**Task item**.
Pictures aside, each entry has to be returned exactly as it stands.
··· Material for the task
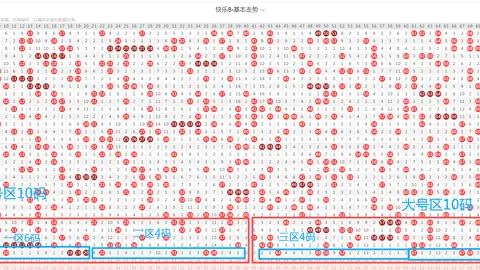 排列三2026080期推荐：专家直选小小大，关注和值9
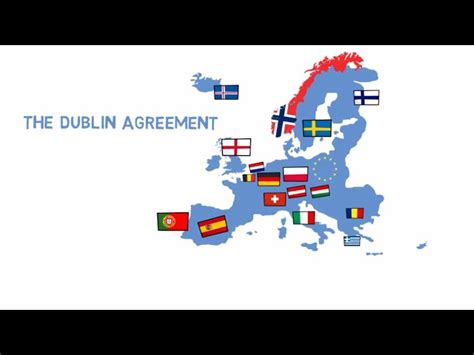 Dublin anlaşması
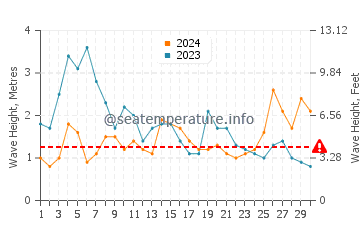 Waves height in La Matanza De Acentejo in November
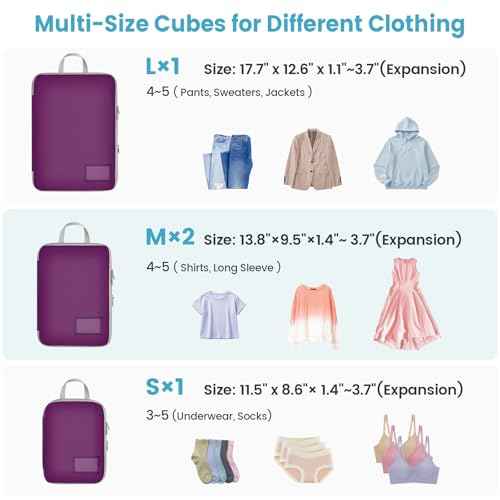 Compression Packing Cubes for Travel (4 Count)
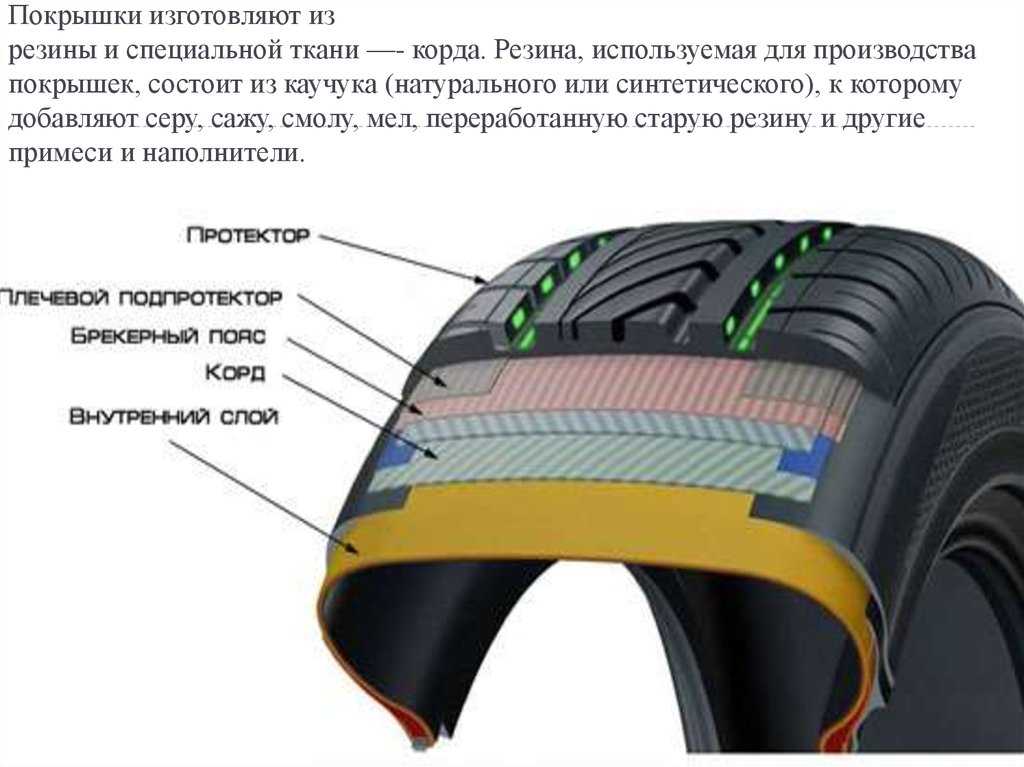 Автомобильная шина в разрезе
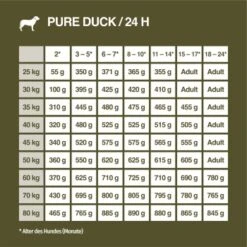 REAL NATURE WILDERNESS Maxi Junior Pure Duck 4 Kg -Ruffwear Verkäufe 69c049b7303a5e4dd6d6f17610c8521d03513062 1297078 de DE 7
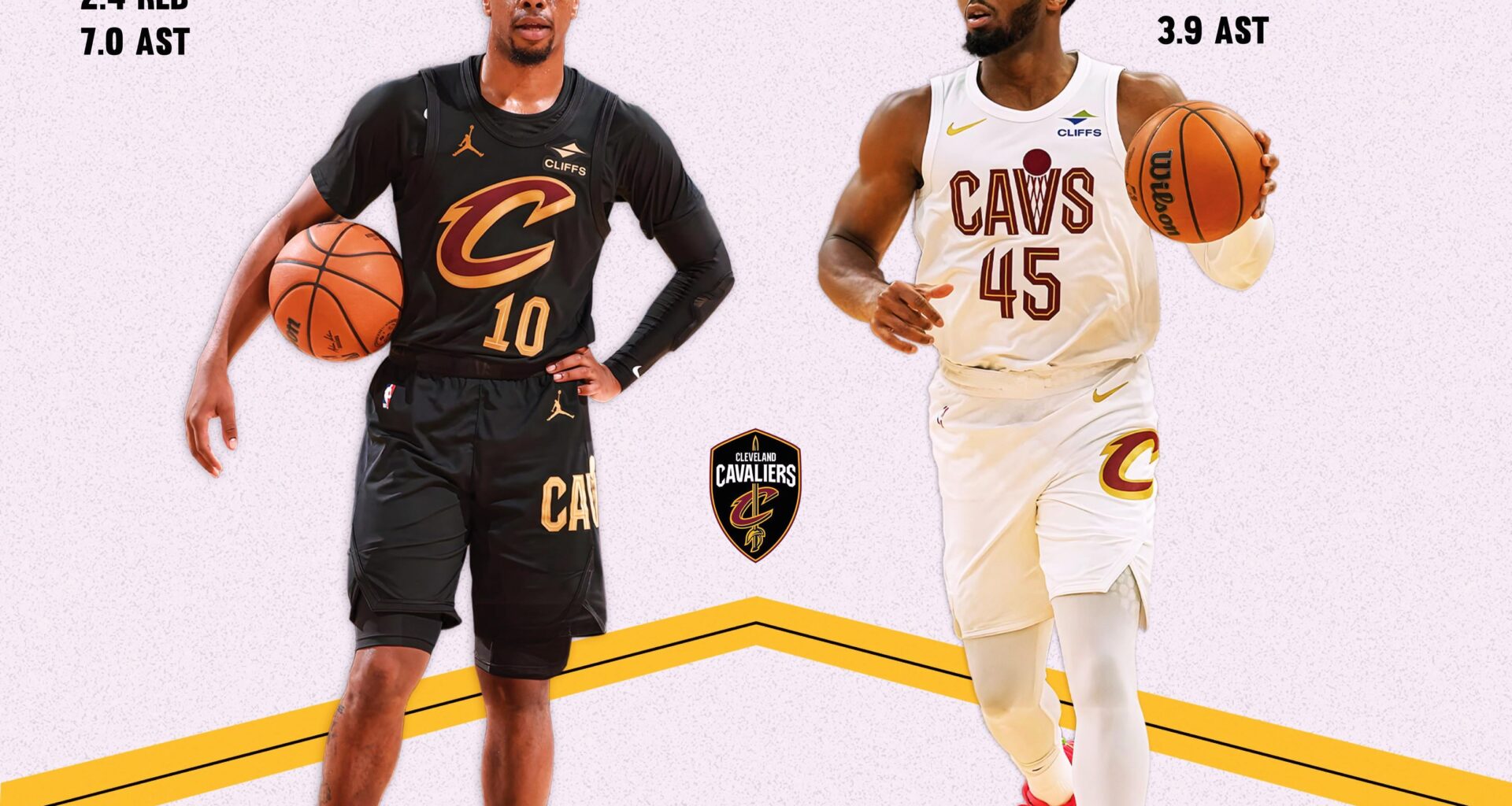 Cavs are making history in the first two months of the season, and Garland and Spida are leading the way!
······
**Solution to this exercise**.
 排列三2026080期推荐：专家直选小小大，关注和值9
 Dublin anlaşması
 Waves height in La Matanza De Acentejo in November
 Compression Packing Cubes for Travel (4 Count)
 Автомобильная шина в разрезе
 REAL NATURE WILDERNESS Maxi Junior Pure Duck 4 Kg -Ruffwear Verkäufe 69c049b7303a5e4dd6d6f17610c8521d03513062 1297078 de DE 7
 Cavs are making history in the first two months of the season, and Garland and Spida are leading the way!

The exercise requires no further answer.